Verschnaufen kann der Hörer im Verlauf des Albums hauptsächlich bei den Songs ‚Es lohnt sich‘ und ‚Blütentropfen‘. Beide transportieren eine ruhige, nachdenkliche Atmosphäre und thematisieren unter anderem das Sujet der Selbstzweifel. Vor allem Letzteres, in Zusammenarbeit mit Smuuf, erfrischt durch die weiche Frauenstimme im Refrain. Trotzdem ‚Blütentropfen‘ eine leichte Disharmonie im Kehrvers aufweist, fühlt man sich für einen flüchtigen Augenblick wie angekommen. Ein kurzer Halt und ein geschenkter Moment der Reflexion in dem doch sonst schnell rhythmischen Album.

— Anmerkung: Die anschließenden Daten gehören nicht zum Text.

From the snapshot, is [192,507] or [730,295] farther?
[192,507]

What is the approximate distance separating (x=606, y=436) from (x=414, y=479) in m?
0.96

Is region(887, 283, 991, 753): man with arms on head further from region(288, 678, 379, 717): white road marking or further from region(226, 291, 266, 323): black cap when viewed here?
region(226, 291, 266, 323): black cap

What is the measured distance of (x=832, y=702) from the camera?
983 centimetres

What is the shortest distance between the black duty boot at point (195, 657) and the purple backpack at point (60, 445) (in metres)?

Eines der Sahnestücke des Albums ist der Song ‚Kreativität‘ (mit Trik 17). Der durchaus passende Titel gibt an, was drin steckt: Kreative Reime, die durch ausgewählte Metaphern Bilder im Kopf entstehen lassen. Sehr zu empfehlen ist, nebenbei bemerkt, das dazugehörige und ebenfalls originell gestaltete Musikvideo.

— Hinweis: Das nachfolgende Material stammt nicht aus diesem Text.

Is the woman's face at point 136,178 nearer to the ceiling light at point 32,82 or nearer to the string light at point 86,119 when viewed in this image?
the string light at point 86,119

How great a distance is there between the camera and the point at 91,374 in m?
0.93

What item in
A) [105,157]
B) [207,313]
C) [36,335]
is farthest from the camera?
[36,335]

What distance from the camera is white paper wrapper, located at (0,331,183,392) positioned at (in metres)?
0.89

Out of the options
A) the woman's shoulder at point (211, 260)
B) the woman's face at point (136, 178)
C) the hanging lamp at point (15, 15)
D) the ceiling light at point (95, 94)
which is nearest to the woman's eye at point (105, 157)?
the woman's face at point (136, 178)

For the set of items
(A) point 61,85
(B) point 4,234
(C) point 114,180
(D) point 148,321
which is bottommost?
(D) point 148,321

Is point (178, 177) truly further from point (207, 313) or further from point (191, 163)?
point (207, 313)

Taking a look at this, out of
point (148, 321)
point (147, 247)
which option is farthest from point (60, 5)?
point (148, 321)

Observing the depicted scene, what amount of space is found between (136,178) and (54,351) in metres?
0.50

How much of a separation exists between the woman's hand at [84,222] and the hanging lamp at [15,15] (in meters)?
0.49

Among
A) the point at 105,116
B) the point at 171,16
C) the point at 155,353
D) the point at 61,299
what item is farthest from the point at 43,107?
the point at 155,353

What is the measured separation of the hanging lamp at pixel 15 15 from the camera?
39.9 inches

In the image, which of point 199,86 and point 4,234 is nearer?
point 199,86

Eine kleine Überraschung erlebt man bei ‚Milch und Zucker‘. Dieser Track entpuppt sich wahrlich als echter „Ear-Catcher“. Die exotischen Flötentöne im Hintergrund, die den Hörer wie auf einer Welle durch das gesamte Lied tragen und der gewisse Grad an Mainstream, laden zum Mitsingen und Tanzen ein. Gern drückt man bei diesem Ohrwurm-Garant auf ‚Wiederholung‘.

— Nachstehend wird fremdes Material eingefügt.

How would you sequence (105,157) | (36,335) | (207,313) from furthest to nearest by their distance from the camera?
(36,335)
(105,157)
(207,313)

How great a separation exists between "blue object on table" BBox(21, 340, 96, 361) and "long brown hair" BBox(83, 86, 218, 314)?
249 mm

‚Dope End Theory‘ bildet letztlich das Finale des Albums. Zunächst wird man vielversprechend von Null auf 100 in den Song geschmissen. Ein Song in dem Vit-Armin B auf all die Diskussionen der letzten Monate antwortet. Eine einschneidende, selektive Diskussionsrunde ohne kritischen Gegenpart, die seinen Standpunkt verdeutlicht, jedoch Hörern ohne genügend Hintergrund-Wissen zu viele Fragen aufgibt. Das Album ist nicht zuletzt aufgrund der vielen, facettenreichen Tracks, empfehlenswert. Ist ein richtiger, sich durchziehender roter Faden zwar nicht erkenntlich, so macht es dennoch Spaß dem Chaos und dem Versuch der künstlerischen Selbstfindung von Vit-Armin B und seinen Jungs zuzuhören und freilich wahre Perlen zu entdecken.

Zu bekommen ist das gute Werk direkt über Mediafire oder als Stream zu hören über soundcloud.com.